Dataset content »
++++++++++

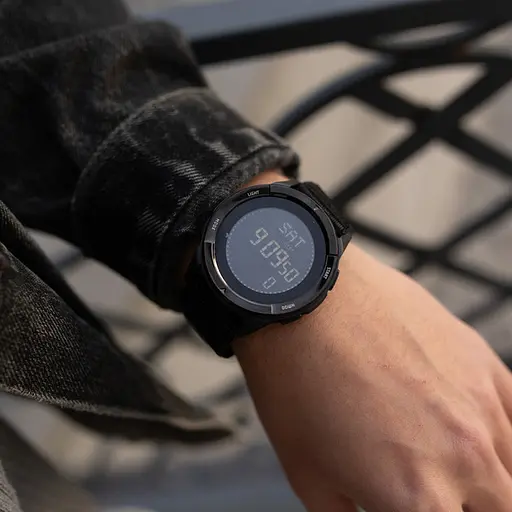 Годинник North Edge Alps Black з компасом, 2 ремінця - фото 4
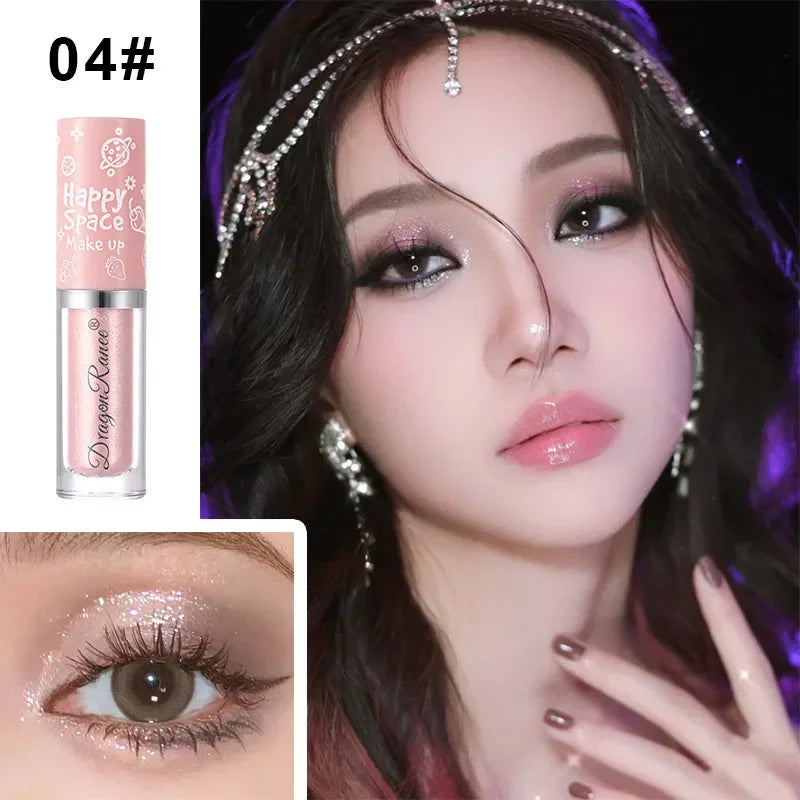 8 Colors Liquid Eye Shadow Glitter Sequins Pearlescent Lying Silkworm Pen Brightening Liquid Eyeshadow Highlight Shiny Eyeliner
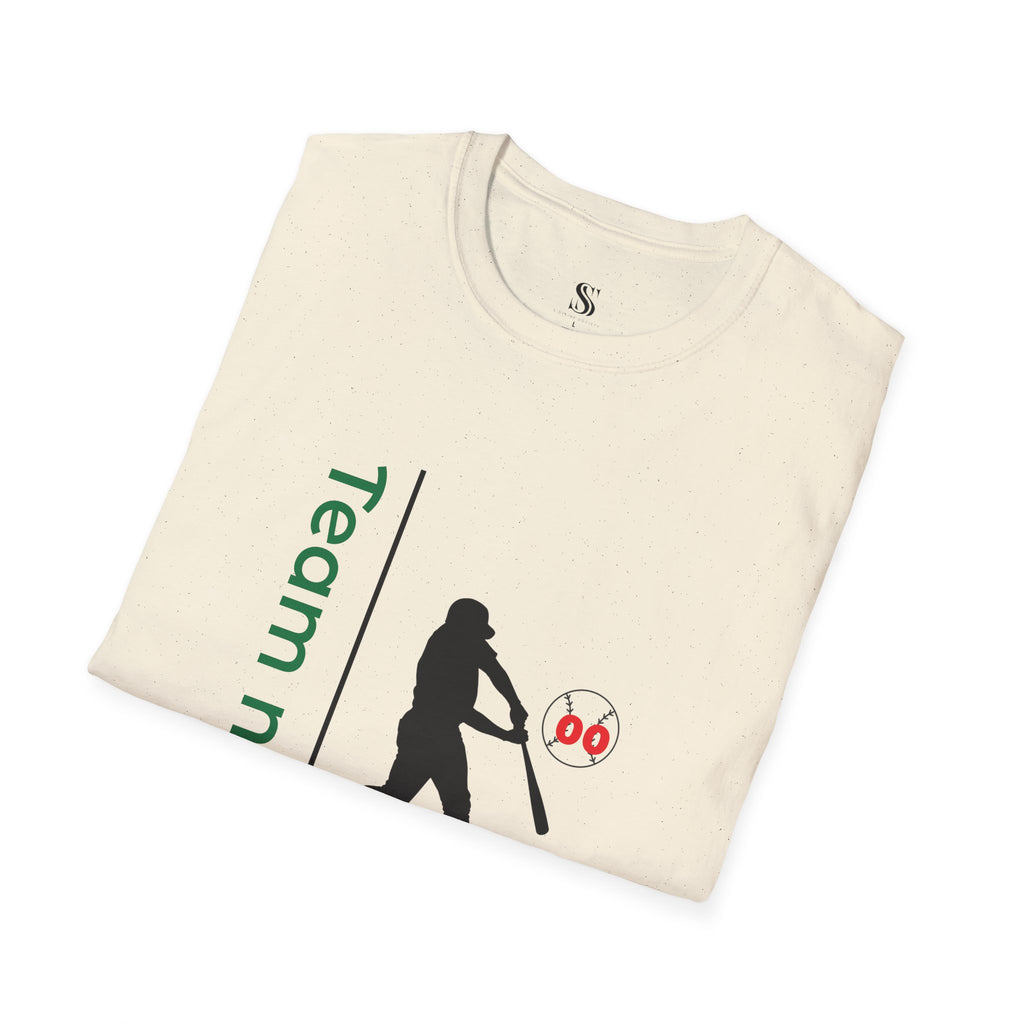 Men's Personalized Baseball Team & Player Name Tee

++++++++++

Exercise prompt » Exact repetition of the data is needed, with no images retained.

Expected answer »
 Годинник North Edge Alps Black з компасом, 2 ремінця - фото 4
 8 Colors Liquid Eye Shadow Glitter Sequins Pearlescent Lying Silkworm Pen Brightening Liquid Eyeshadow Highlight Shiny Eyeliner
 Men's Personalized Baseball Team & Player Name Tee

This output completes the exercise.